THE INPUT:
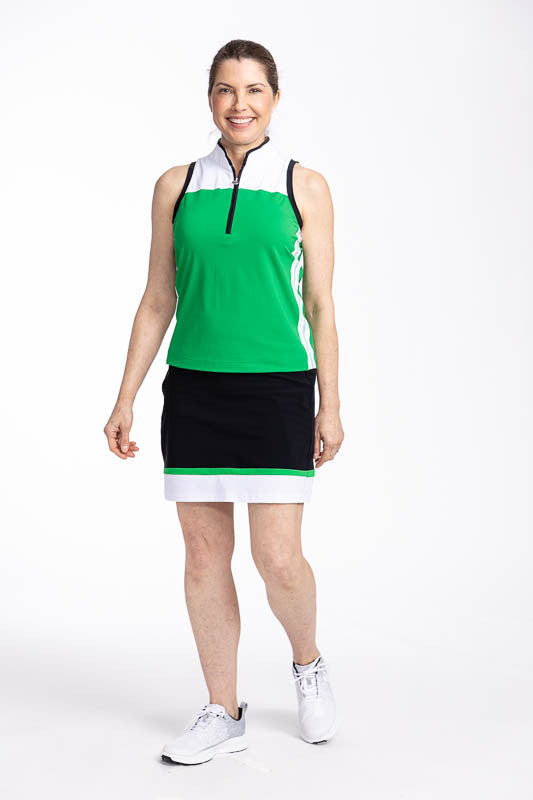 Full front view of a smiling woman wearing the In Play Golf Skort in Black/Green and the Resolution Sleeveless Golf Top in Rye Grass Green. This is a predominantly black skort with a thin band of green followed by a wide band of white at the bottom of the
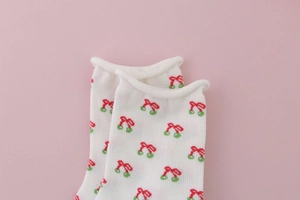 Detail of white cotton sock featuring red cherry patterns and cute rolled edge cuff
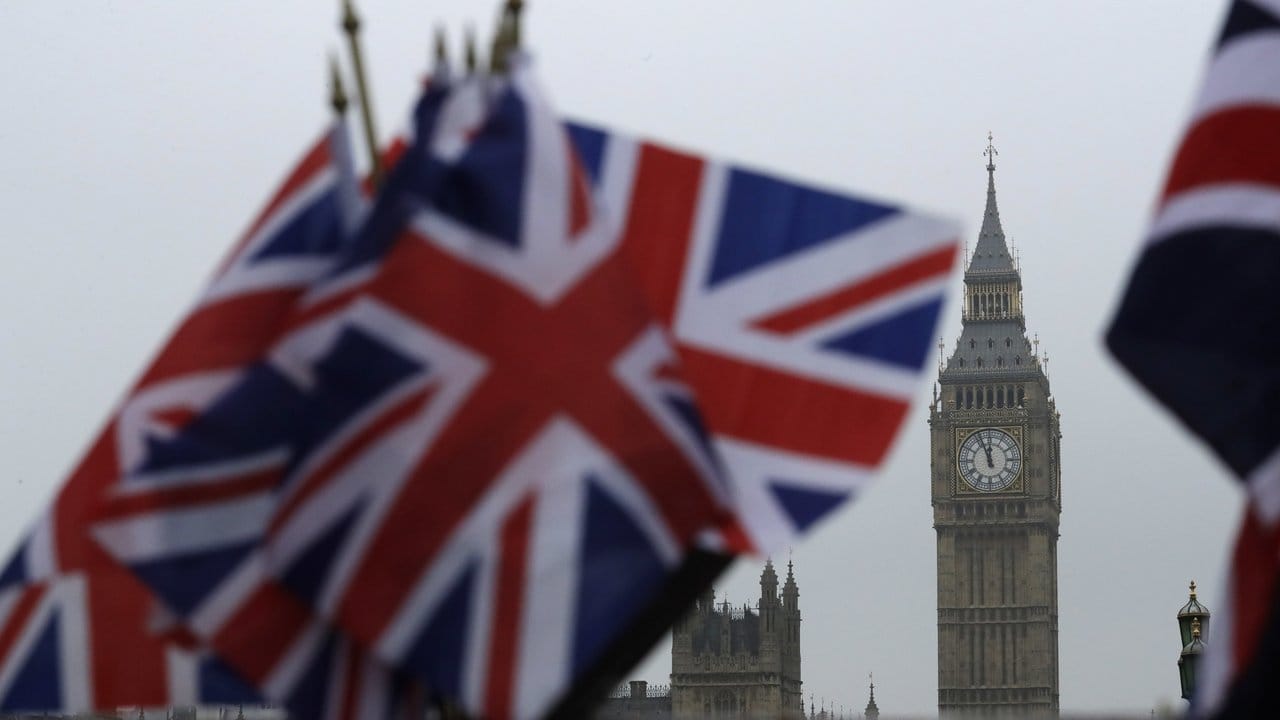 Britische Flaggen vor dem Big Ben am Palace of Westminster, in dem das britische Parlament tagt.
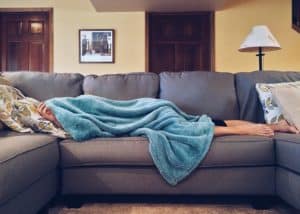 Lady sleeping on sofa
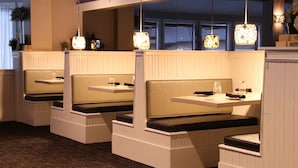 Une rangée de banquettes disposées comme dans un stand, avec des tables, chacune agrémentée d’une petite lampe de table et d’une plante posée sur le rebord de la fenêtre.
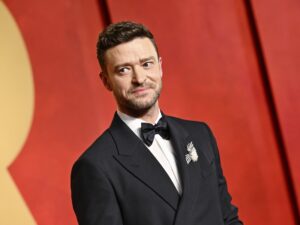 Justin Timberlake, wearing a tux, poses for a photo at the Vanity Fair Oscar Party.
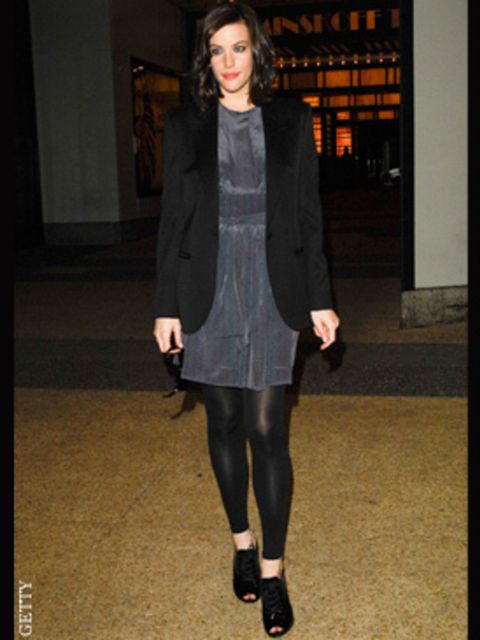 <p>Liv Tyler teams her Tuxedo jacket with a dress</p>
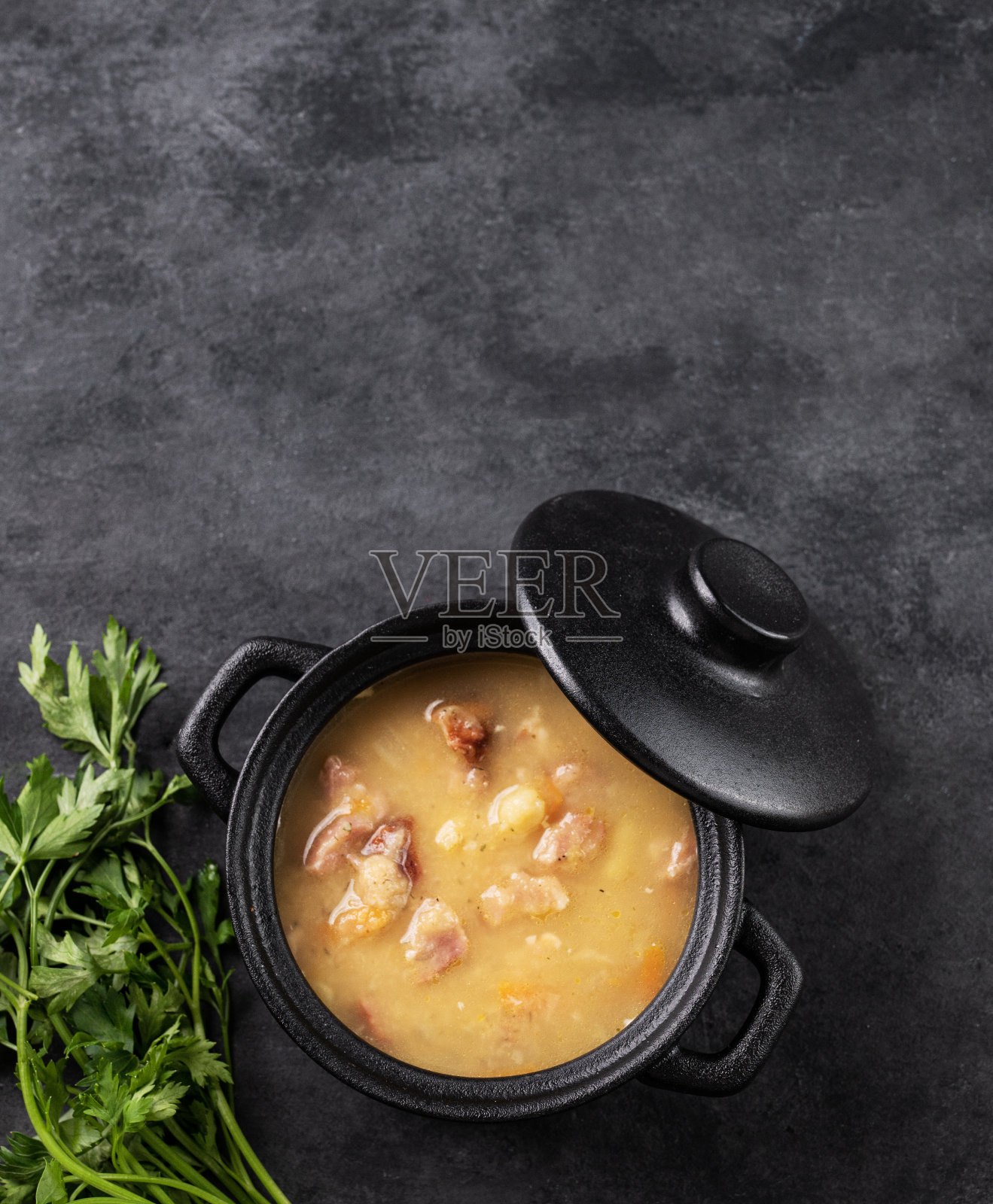 豌豆汤与烟熏火腿在黑色的炖锅深色背景香草。照片摄影图片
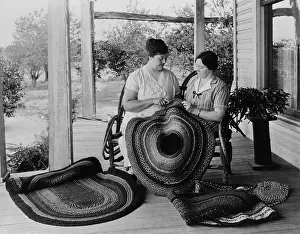 At Home Prints: Two women making rag rugs on porch, 1925-1930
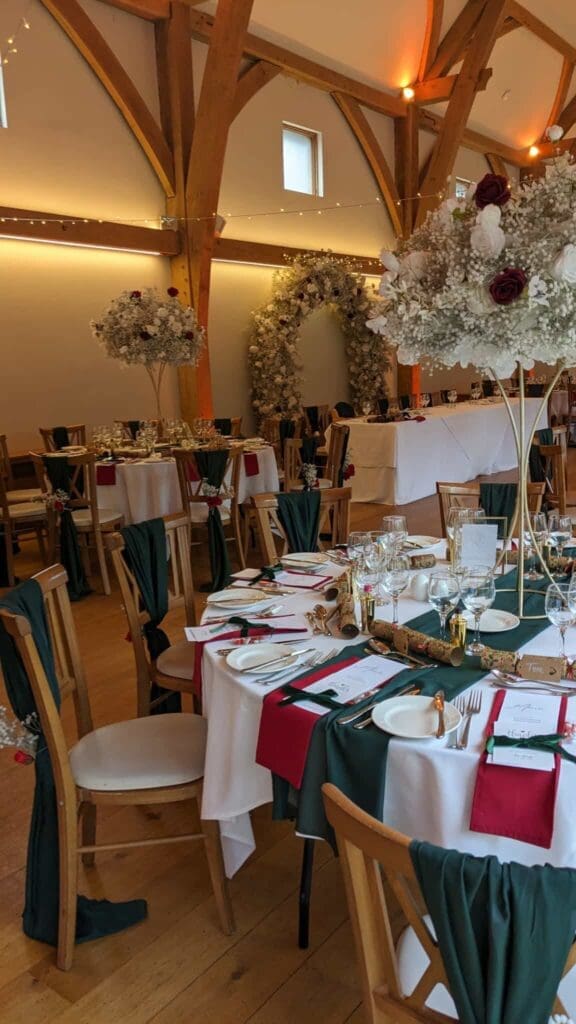 Festive gala dinner table styling in a timber barn venue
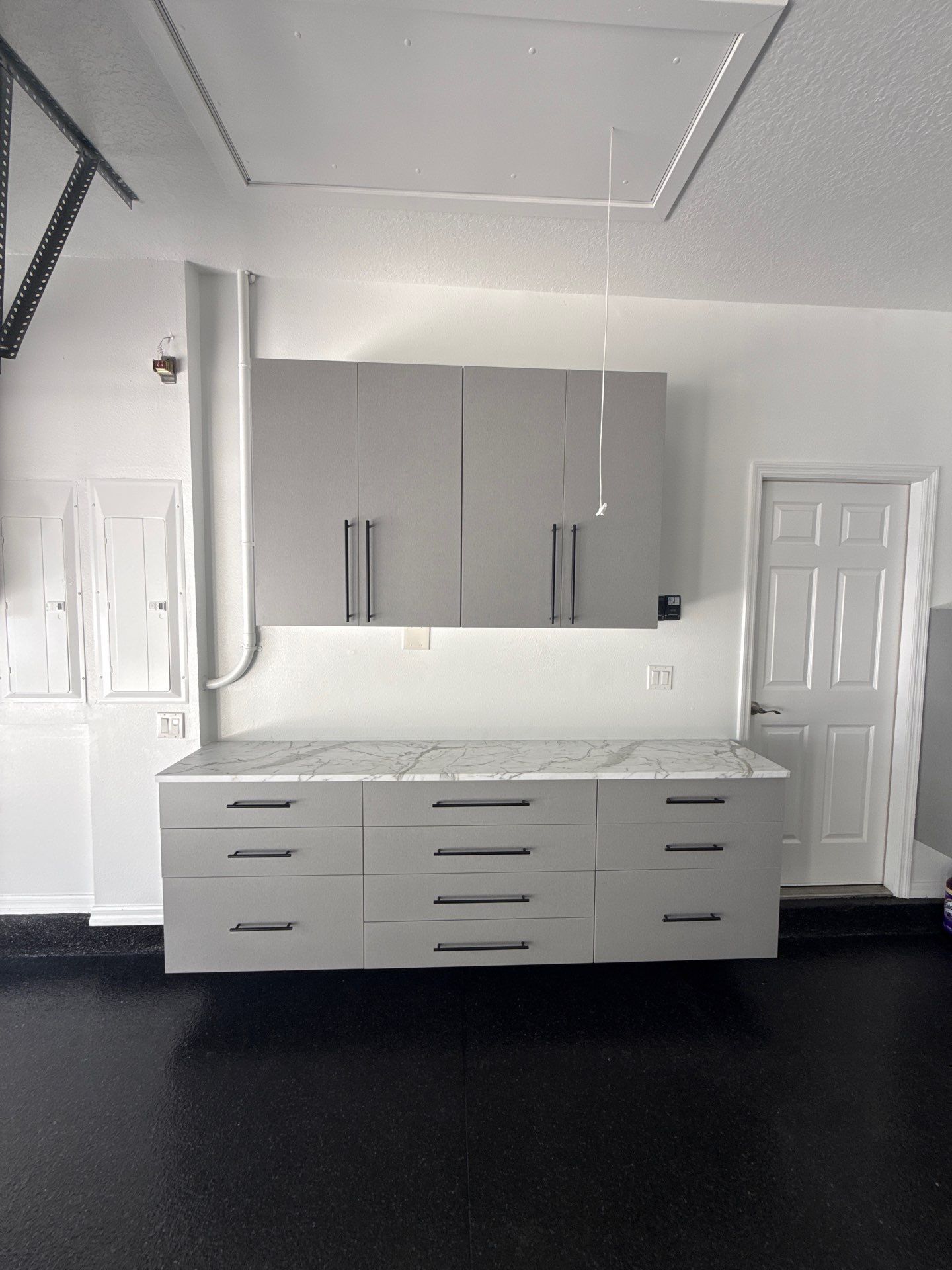 Tampa Garage Floor Coating and Overhead Storage Rack Installation by Square 1 Garage and Closet Solutions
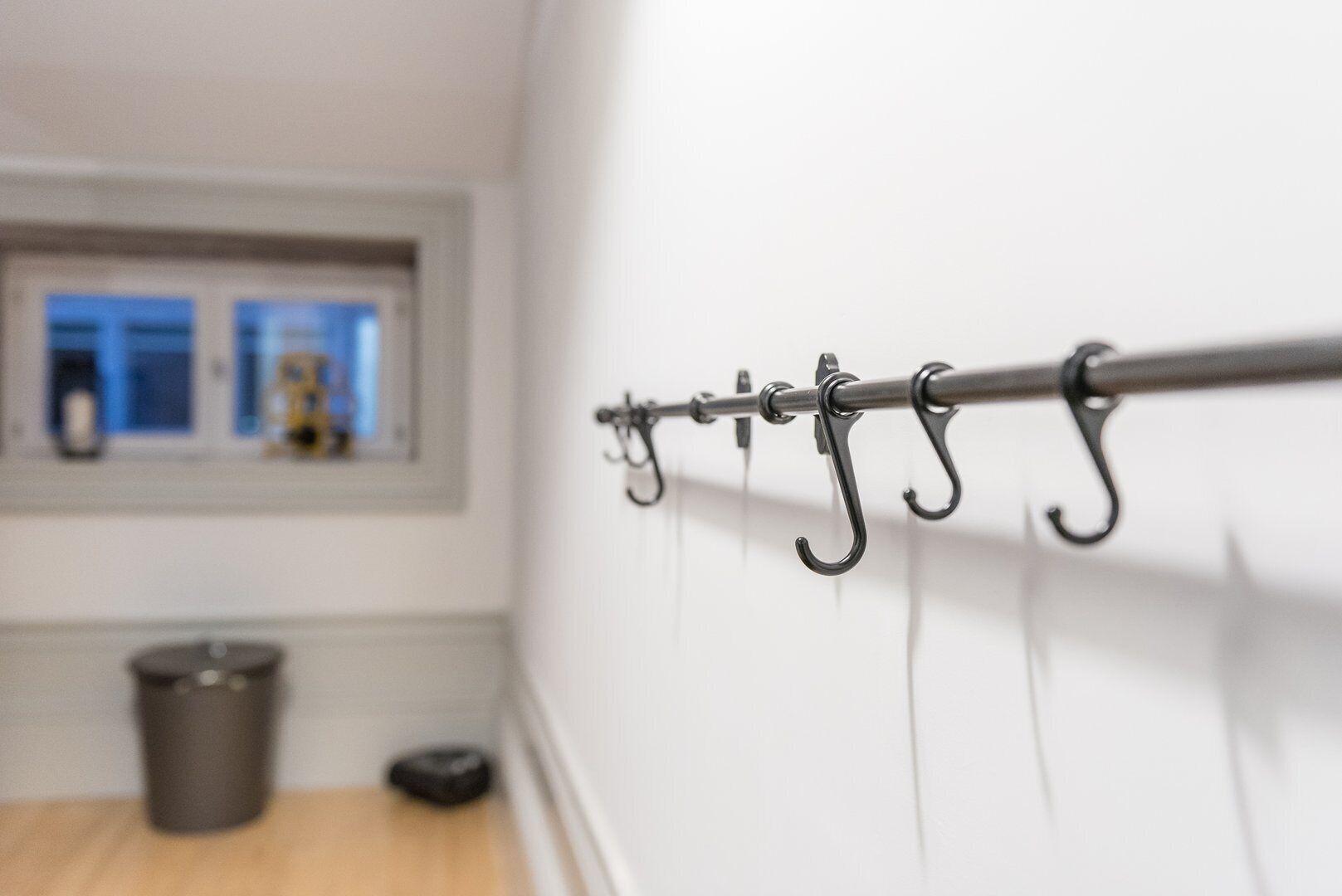 A metal hook bar on a white wall with a window in the background.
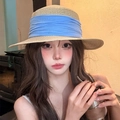Women's wide brim straw sun hat featuring a large light blue ribbon bow decoration - Beige Blue Band Boater Hat (D-508)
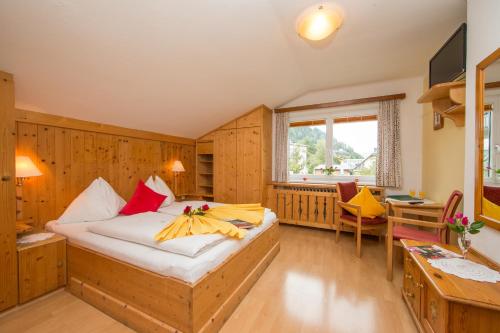a bedroom with a bed and a desk and a window at Hotel Pension Hubertus in Zell am See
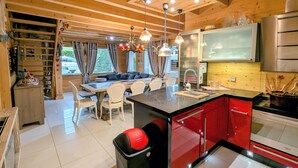 Una cocina moderna con armarios rojos, encimera negra y electrodomésticos de acero inoxidable. Hay un comedor con sillas blancas y una banca.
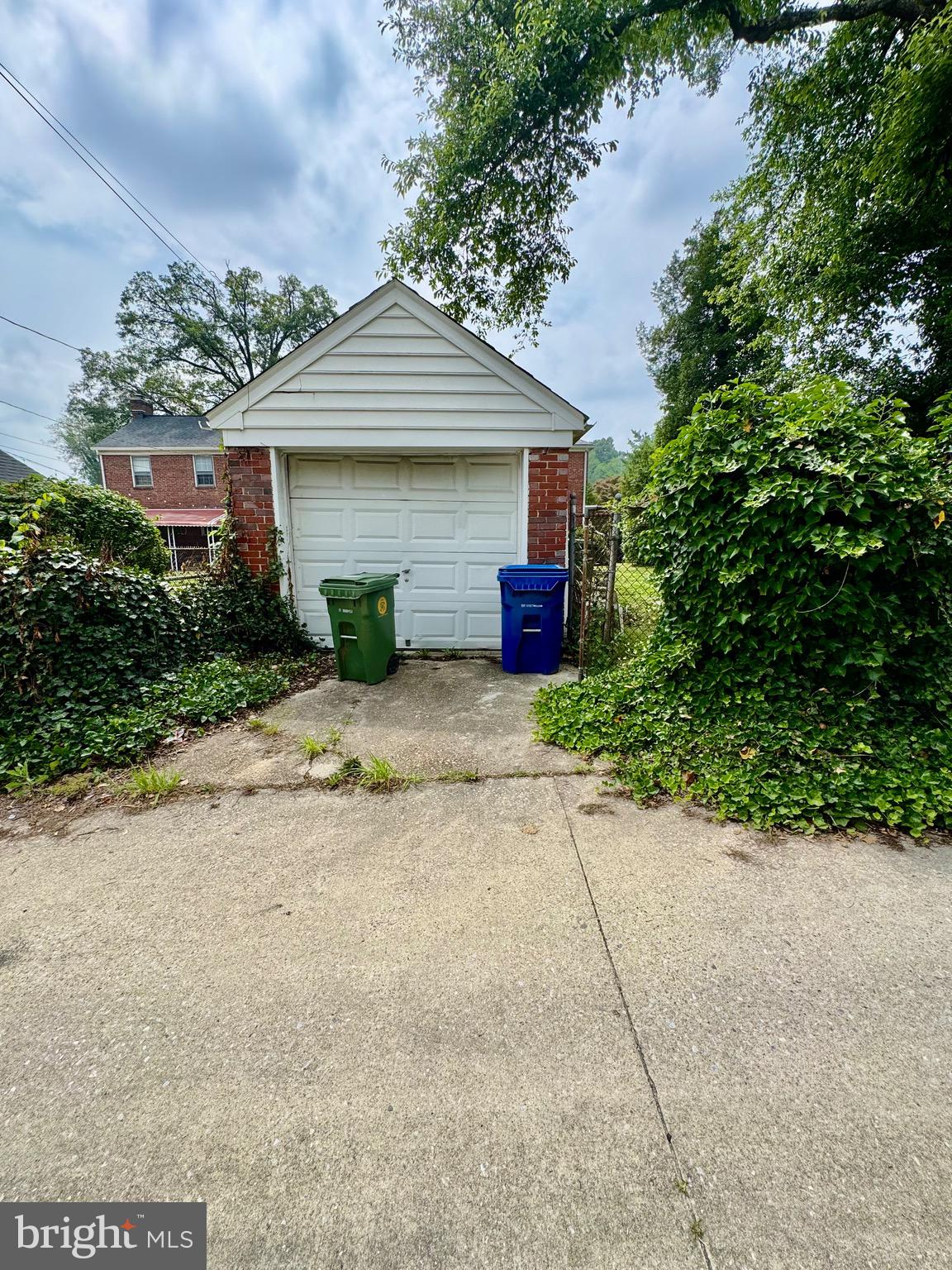 3913 Loch Raven Boulevard Baltimore, MD 21218 - Photo 29 of 38 a front view of a house with a yard and garage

ACTIVITY: The pictures should be dropped, and every line above should be set down again exactly.

PROBLEM SOLUTION:
 Full front view of a smiling woman wearing the In Play Golf Skort in Black/Green and the Resolution Sleeveless Golf Top in Rye Grass Green. This is a predominantly black skort with a thin band of green followed by a wide band of white at the bottom of the
 Detail of white cotton sock featuring red cherry patterns and cute rolled edge cuff
 Britische Flaggen vor dem Big Ben am Palace of Westminster, in dem das britische Parlament tagt.
 Lady sleeping on sofa
 Une rangée de banquettes disposées comme dans un stand, avec des tables, chacune agrémentée d’une petite lampe de table et d’une plante posée sur le rebord de la fenêtre.
 Justin Timberlake, wearing a tux, poses for a photo at the Vanity Fair Oscar Party.
 <p>Liv Tyler teams her Tuxedo jacket with a dress</p>
 豌豆汤与烟熏火腿在黑色的炖锅深色背景香草。照片摄影图片
 At Home Prints: Two women making rag rugs on porch, 1925-1930
 Festive gala dinner table styling in a timber barn venue
 Tampa Garage Floor Coating and Overhead Storage Rack Installation by Square 1 Garage and Closet Solutions
 A metal hook bar on a white wall with a window in the background.
Women's wide brim straw sun hat featuring a large light blue ribbon bow decoration - Beige Blue Band Boater Hat (D-508)
a bedroom with a bed and a desk and a window at Hotel Pension Hubertus in Zell am See
 Una cocina moderna con armarios rojos, encimera negra y electrodomésticos de acero inoxidable. Hay un comedor con sillas blancas y una banca.
 3913 Loch Raven Boulevard Baltimore, MD 21218 - Photo 29 of 38 a front view of a house with a yard and garage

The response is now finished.